Reconciliation of niche and neutral theory has been a core goal of theoretical ecology in recent years. We will present a novel conceptual unification of the two theories from an unexpected direction: island biogeography. The key insight comes from an empirical phenomenon known as the "small-island effect", whereby species richness is independent of island area below a threshold island size. The small-island effect was observed by MacArthur and Wilson in their 1967 treatise on island biogeography, as an exception to their general rule that species richness should increase with island area. The combination of the small-island effect among small islands and the classic increasing species–area relationship (SAR) among large islands leads to an overall biphasic SAR, which has now been observed in many empirical data sets, across different taxa and archipelago types.

Results/Conclusions

Our explanation of the biphasic island SAR is that it arises from a transition between a niche-structured phase among small islands and an immigration-structured phase among large islands.

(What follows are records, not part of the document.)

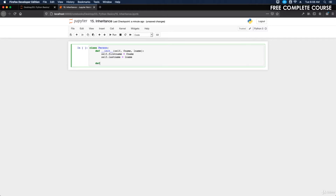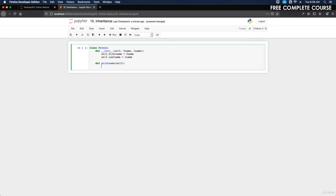Next we define the print_name method: 'def print_name(self):' and then inside we do 'print(self.first_name, self.last_name)'.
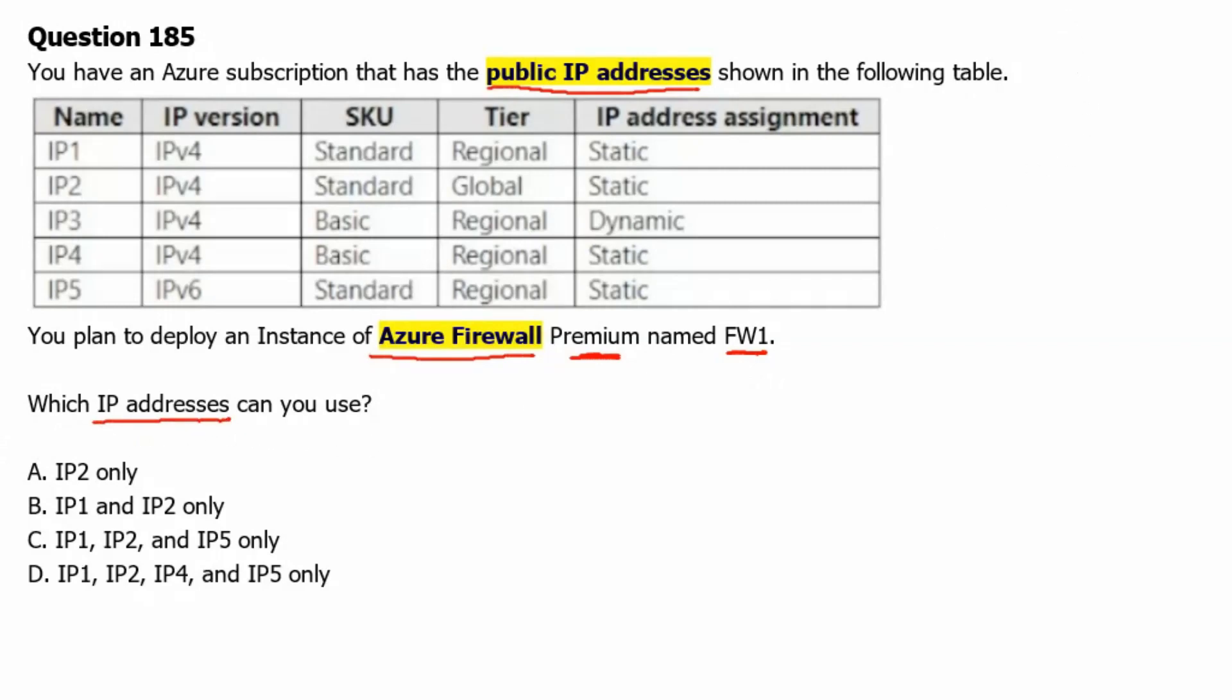Let's go to Azure Portal. In Azure Portal, we will be creating Azure Firewall Premium, and while we are creating Azure Firewall Premium, we will be creating a new public IP address as well.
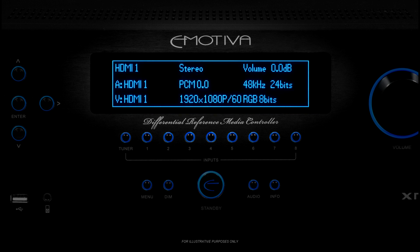Congratulations, you've configured the HDMI 1 input on your XMC1. By combining the input configuration options we've talked about in this video with the speaker presets covered in the last video, you should now be able to configure your XMC1 to work perfectly with your speakers and the rest of your source components. In the next video, we'll get into a few of the more advanced configuration options.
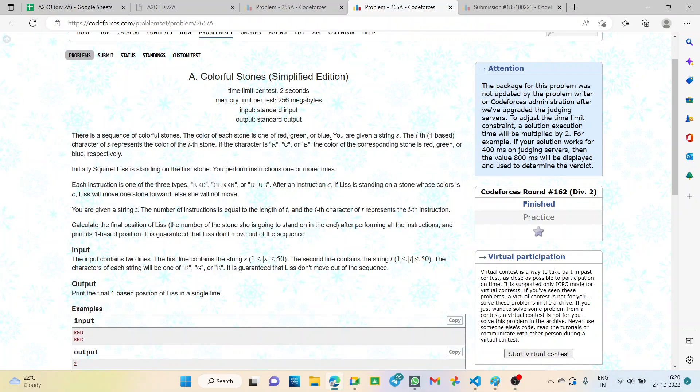Hello everyone. Welcome back to the YouTube channel of Developers and Coders Club. This is Sinjinni Roy from second year CSE and today we will be solving the problem Colorful Stones from Codeforces A2OJ ladder question number 51.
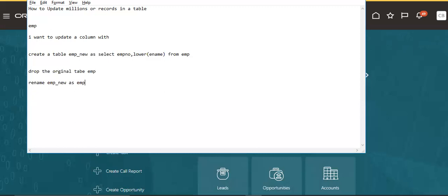Suppose I have a dependent table — suppose MP_NEW as the name — and other tables depend on it. All dependent tables will become invalid. If you are using any procedures referencing this table, all those procedures will also become invalid. We have to recompile all procedures and dependent tables to make them valid again.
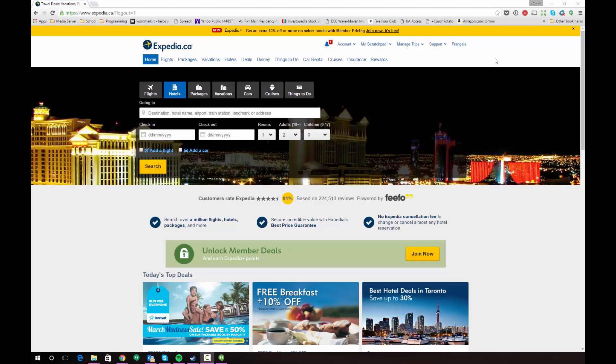Hi guys, this is going to be a quick tutorial to show you how to use the 1Password password generator to create strong passwords for your different logins on various sites. The first thing you're going to want to do is go to the site where you want to create a strong password. In this situation, I'm going to demonstrate doing this with the Expedia.ca site.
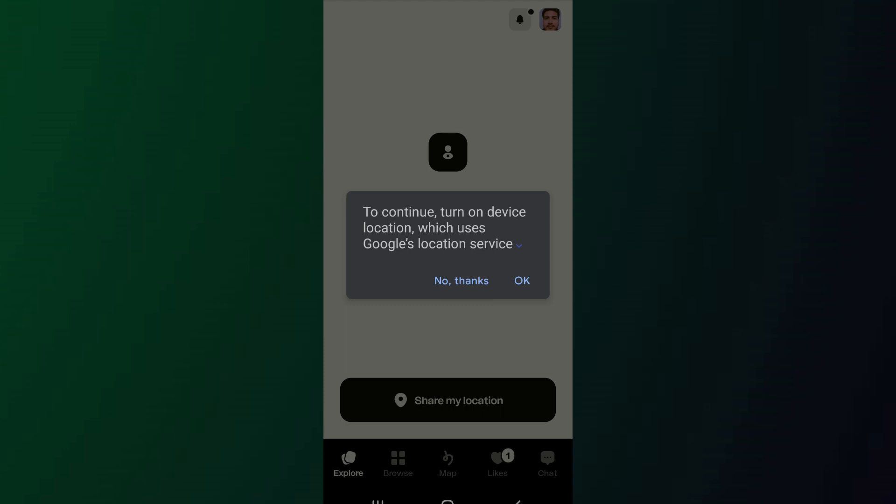Now if you want to change your location, the first thing that you can do is go to a different area and then use Happn from that area. So basically you can go to another location and then try using Happn from the location by enabling Google's location service.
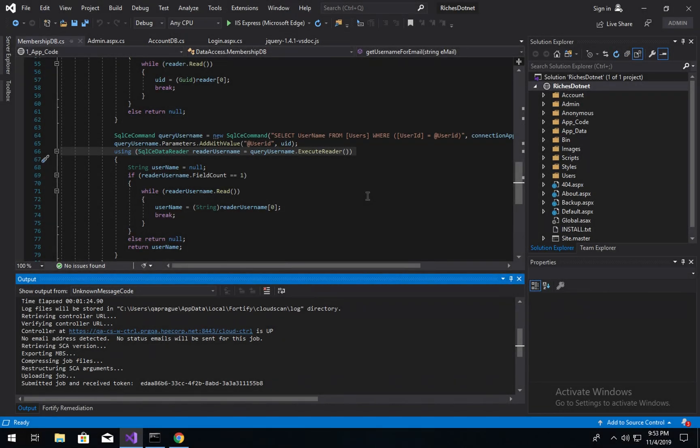Hello, my name is Jimmy Rabin. I'm the Fortify Product Manager and I'm here today to show you how to install, configure, and what's new in the Visual Studio 2019 Fortify extension.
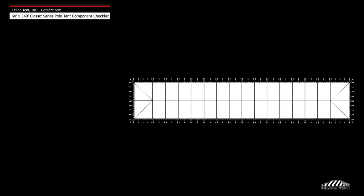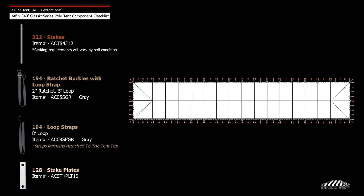Anchoring devices include 194 ratchet buckle assemblies, 128 stake plates, and 322 double head stakes.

In the niche-structured phase, species richness simply reflects the number of fundamental niches because immigration is too weak to provide more species than niches. But as island area increases past a critical area, immigration becomes strong enough to provide on average more than one species per niche at the immigration–extinction balance. From this point on, further increases in island area lead to higher species richness, and the SAR thus moves into the increasing immigration-structured phase. We provide evidence for our theory in the form of (i) a dynamic model that gives excellent fits to 100 archipelago SARs and (ii) confirmation of predictions about how the critical area should vary across taxa and archipelago types. We conclude by discussing the implications for the roles of niche versus dispersal processes in maintaining diversity of mainland communities.